Data segment:
-- Opening Marker --
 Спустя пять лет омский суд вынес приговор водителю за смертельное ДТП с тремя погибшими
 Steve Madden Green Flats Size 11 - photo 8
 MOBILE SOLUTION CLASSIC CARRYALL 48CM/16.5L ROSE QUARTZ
-- Closing Marker --
What is being asked: Please return the span of lines above that opens with the one containing "Steve Madden Green Flats Size 11 - photo 8" and closes with the final line, both included, exactly as written and nothing more.

Output of the task:
 Steve Madden Green Flats Size 11 - photo 8
 MOBILE SOLUTION CLASSIC CARRYALL 48CM/16.5L ROSE QUARTZ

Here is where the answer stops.